Ana, sentada en el sofá rojo en mi cafetería de los encuentros tranquilos, sonreía cuando le contaba la actuación de Blake, protegidas ambas por las bolsas de regalos que acabábamos de abrir; las tazas de café, arrinconadas a un lado de la mesa. Intentábamos escudarnos frente a los problemas escondiéndonos tras esos muros de plástico y papel. Queríamos celebrar los diez años que nos separan adornando ese momento con obsequios y buenos recuerdos. Las dos nacimos en noviembre y desde que nos conocimos nuestras vidas han sido inseparables, y nuestras vivencias comunes descienden desde lo insólito e increíble hasta las mundanas fiestas gastronómicas.

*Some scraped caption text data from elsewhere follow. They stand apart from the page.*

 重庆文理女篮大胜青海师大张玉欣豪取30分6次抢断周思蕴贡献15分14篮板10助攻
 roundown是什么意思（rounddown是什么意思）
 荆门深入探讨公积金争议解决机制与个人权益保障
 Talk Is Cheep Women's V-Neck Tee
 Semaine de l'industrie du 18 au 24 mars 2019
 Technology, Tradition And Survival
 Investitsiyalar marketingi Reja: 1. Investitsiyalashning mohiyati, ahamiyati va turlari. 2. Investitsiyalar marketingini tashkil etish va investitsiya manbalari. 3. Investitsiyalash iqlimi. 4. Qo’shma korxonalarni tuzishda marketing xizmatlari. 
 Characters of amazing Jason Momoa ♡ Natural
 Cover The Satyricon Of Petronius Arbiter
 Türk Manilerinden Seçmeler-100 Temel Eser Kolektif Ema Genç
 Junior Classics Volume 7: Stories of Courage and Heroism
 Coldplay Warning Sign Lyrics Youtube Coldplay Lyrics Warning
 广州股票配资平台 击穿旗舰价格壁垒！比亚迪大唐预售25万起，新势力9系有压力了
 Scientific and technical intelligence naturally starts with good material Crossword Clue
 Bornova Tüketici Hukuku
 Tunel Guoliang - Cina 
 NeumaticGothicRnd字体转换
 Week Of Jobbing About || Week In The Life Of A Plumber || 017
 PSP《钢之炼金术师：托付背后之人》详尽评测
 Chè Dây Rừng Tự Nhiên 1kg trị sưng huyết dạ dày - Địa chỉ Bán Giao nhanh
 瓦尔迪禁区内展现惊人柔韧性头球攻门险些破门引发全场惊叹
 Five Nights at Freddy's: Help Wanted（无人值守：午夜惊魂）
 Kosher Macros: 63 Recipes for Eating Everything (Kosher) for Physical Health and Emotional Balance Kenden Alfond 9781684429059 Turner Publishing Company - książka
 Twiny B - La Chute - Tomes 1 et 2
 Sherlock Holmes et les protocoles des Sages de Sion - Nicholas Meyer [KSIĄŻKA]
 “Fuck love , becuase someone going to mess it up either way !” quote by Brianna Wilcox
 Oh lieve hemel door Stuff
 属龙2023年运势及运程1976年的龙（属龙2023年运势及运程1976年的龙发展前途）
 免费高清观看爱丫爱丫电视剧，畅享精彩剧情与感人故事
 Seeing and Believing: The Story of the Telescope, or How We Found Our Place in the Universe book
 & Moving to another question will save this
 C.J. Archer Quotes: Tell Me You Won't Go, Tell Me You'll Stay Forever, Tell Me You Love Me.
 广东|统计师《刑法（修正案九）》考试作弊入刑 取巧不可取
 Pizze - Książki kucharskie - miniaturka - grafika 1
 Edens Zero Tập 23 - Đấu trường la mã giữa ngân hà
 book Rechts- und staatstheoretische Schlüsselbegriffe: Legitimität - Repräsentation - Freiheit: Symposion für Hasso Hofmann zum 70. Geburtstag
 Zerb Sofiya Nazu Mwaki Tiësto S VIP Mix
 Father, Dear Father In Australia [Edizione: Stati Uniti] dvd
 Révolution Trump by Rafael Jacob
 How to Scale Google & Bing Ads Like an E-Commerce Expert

¡Madre mía, cuánto hemos vivido juntas! Me dio pena no haberle dicho a tiempo que iba a ir a la función de Blake, el mentalista ovetense, viendo lo mucho que estaba disfrutando al contarle su actuación.

"¿Conociste a Fran?", me preguntó. No. Ya murió. Estudió en los Dominicos con Blake y decía que Anthony tenía una asombrosa capacidad para las matemáticas.

No sé cómo sería su relación con las matemáticas, pero sí vi el 11 de noviembre, desde la fila cinco del Filarmónica, cómo era capaz de inducir a una buena parte de la sala a pensar en los números que él tenía en la cabeza; de hipnotizar a una chica. Visualizó con los ojos vendados los objetos que iban presentando dos improvisados ayudantes; vivenció recuerdos y mimetizó emociones e hizo merecedora de cuantos "Goya" pudieran abarcar sus brazos a la chica que lloró al contactar con su abuelo fallecido, si es que ese invisible encuentro que nos sobrecogió no fue verdad. Todos aplaudimos a las niñas que ayudaron a una mesa a levitar (yo hubiera salido corriendo).

Pero el número más prodigioso lo realizó Blake otra mañana, alejado ya de los escenarios y supongo que también de Oviedo: Ana y yo, absortas con el relato de su actuación, no hablamos ni un instante de todo lo que se agolpaba al borde de nuestras pestañas.